Adopte la décision suivante :
1. Aéroports de Paris SA (ci-après « ADP ») est une société anonyme contrôlée par l’État français. Aux termes de l’article L. 6323-2 du code des transports, ADP est chargée d’aménager, d’exploiter et de développer un ensemble d’installations aéroportuaires dans la région Île-de-France (principalement Paris-Charles de Gaulle, ci-après « Paris-CDG », Paris- Orly et Paris-Le Bourget). Le groupe ADP exploite 28 aéroports dans le monde. ADP est active sur l’ensemble de la chaîne de valeur des aéroports, depuis les études préalables aux aménagements des infrastructures jusqu’à leur exploitation. Elle met notamment ses infrastructures à la disposition des compagnies aériennes pour que ces dernières puissent assurer leurs activités (entre autres le décollage et l’atterrissage des avions, l’accueil des passagers et le traitement des bagages). ADP assure des missions de service public aéroportuaire, qui donnent lieu au versement de redevances, des prestations de sûreté et de sécurité et gère les parcs et accès routiers aux aéroports. Elle exploite également des emplacements commerciaux (boutiques et restaurants) situés dans les aéroports dont elle à la charge.
2. Select Service Partner SAS (ci-après « SSP ») est une filiale à 100 % de SSP France Financing, elle-même exclusivement détenue par SSP Group PLC. Le groupe SSP a pour activité principale la restauration commerciale, notamment dans les infrastructures de transports. Elle est ainsi active dans les aéroports (en France à Marseille, Nice, Nantes, Bordeaux, Lyon, Paris-CDG et Paris-Orly), dans les gares (notamment, en France, la gare de Lyon et la gare Montparnasse), sur les aires d’autoroutes et dans le métro parisien.
3. ADP et SSP contrôlent conjointement la société Epigo, société créée en 2015 et qui exploite des points de vente de restauration au sein de l’aéroport de Paris-CDG.
4. Extime Food & Beverage Paris anciennement BTA France (ci-après « Extime ») est, antérieurement à l’opération, une filiale à 100 % de la société Extime Food & Beverage, elle-même filiale à 100 % du groupe ADP. Elle a, à ce jour, pour activité la gestion de points de vente de restauration sur l’aéroport de Paris-Orly.
5. L’opération s’articule en différentes étapes. Dans un premier temps, il est prévu que SSP procède à l’acquisition de 50 % du capital et des droits de vote d’Extime, étant précisé qu’ADP a effectué un appel d’offres pour l’attribution de cette participation à l’issue duquel la société SSP a été retenue1.

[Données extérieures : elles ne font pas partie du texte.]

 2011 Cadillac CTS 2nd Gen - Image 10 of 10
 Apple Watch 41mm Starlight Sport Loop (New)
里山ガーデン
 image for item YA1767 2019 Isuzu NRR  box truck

6. Dans un second temps, deux contrats de concession entre ADP et l’entreprise commune seront conclus : ils attribueront à cette dernière un droit d’exploitation sur 77 points de vente de restauration à Paris-CDG et sur 32 points de vente à Paris-Orly. L’attribution des droits d’exploitation sera progressive, dans la mesure où, si certaines surfaces sont nouvelles, d’autres sont actuellement exploitées soit par des tiers, soit par ADP, soit par Epigo, soit par SSP. À terme, Extime gérera la quasi-totalité des points de restauration de chacun de ces aéroports.

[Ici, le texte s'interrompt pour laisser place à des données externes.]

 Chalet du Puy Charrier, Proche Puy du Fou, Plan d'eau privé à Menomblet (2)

7. Ce partenariat entre ADP et SSP est conclu pour une durée comprise entre 10 et 15 ans. En effet, les conventions d’autorisation d’activité sur les aéroports de Paris-CDG et de Paris-Orly signées entre ADP et Extime, à la suite de l’appel d’offres remporté par SSP, prendront fin au plus tôt le 31 janvier 2033. Extime pourra bénéficier d’un renouvellement de ces conventions pour une durée de 60 mois maximum, selon des critères de qualité de service ou de performance économique.

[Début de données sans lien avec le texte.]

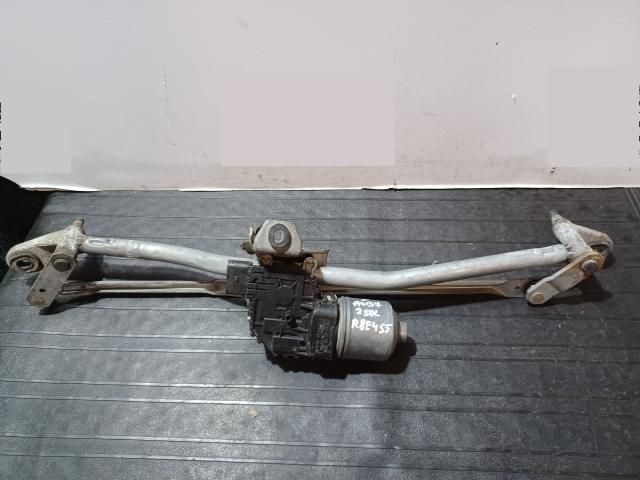 bontott AUDI A4 B7 Első Ablaktörlő Szerkezet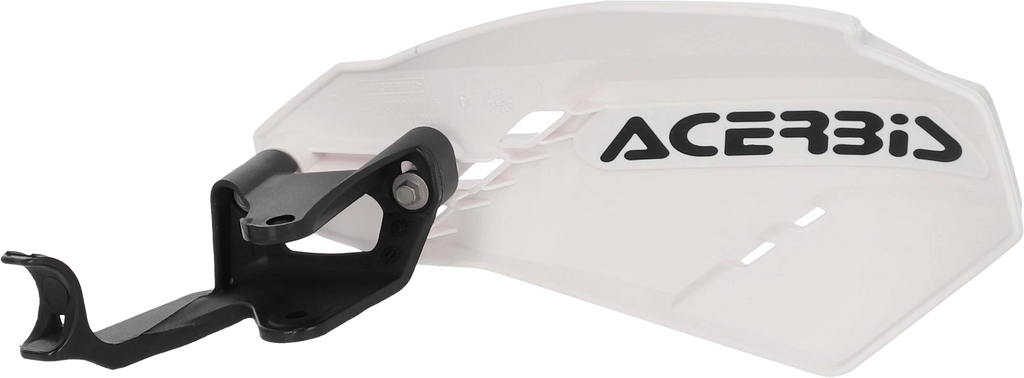 Acerbis K Linear Handguard for Offroad Motorcycles (2010–2023) White/Black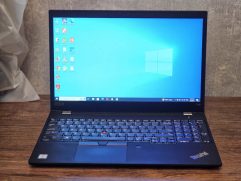 Lenovo Thinkpad T590 – I5 8365u – Ram 8GB – SSD 256GB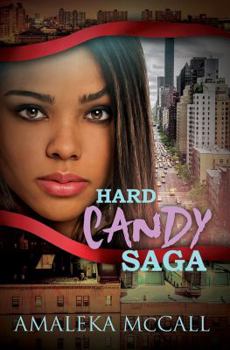 Paperback Hard Candy Saga Book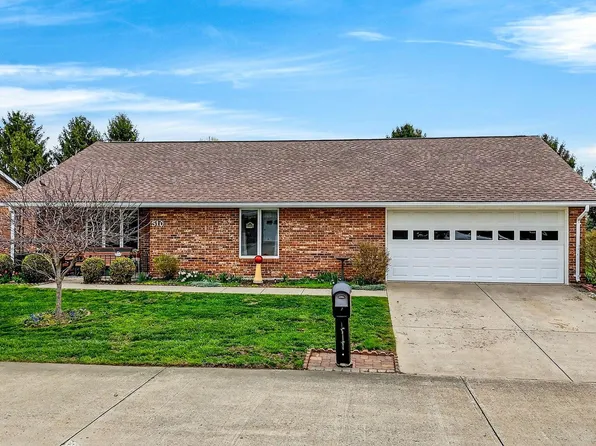 510 Circle Dr, London, OH 43140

8. À l’issue de l’opération, Extime sera contrôlée conjointement par ADP et SSP. En effet, en sus de détenir chacune 50 % du capital de la société, ADP et SSP seront paritairement représentées au sein d’un conseil composé de huit membres, en charge notamment de l’approbation des orientations et des plans stratégiques de la société, de ses plans d’affaires et de ses projets d’investissements ainsi que de la révocation du président et du directeur général de la société. Les décisions du conseil seront prises à la majorité des cinq-sixièmes. Ainsi, compte tenu des règles de vote, ces décisions stratégiques ne pourront être adoptées qu’avec l’accord de représentants des deux sociétés-mères. De plus, le président et le directeur général d’Extime seront désignés par ADP, après l’accord de SSP. Compte tenu de ces éléments, ADP et SSP exerceront donc, conjointement, une influence déterminante sur Extime.
9. L’opération se traduit donc par la création d’une entreprise commune, Extime, entre ADP et SSP, à laquelle les mères apportent des actifs qu’elles détenaient auparavant.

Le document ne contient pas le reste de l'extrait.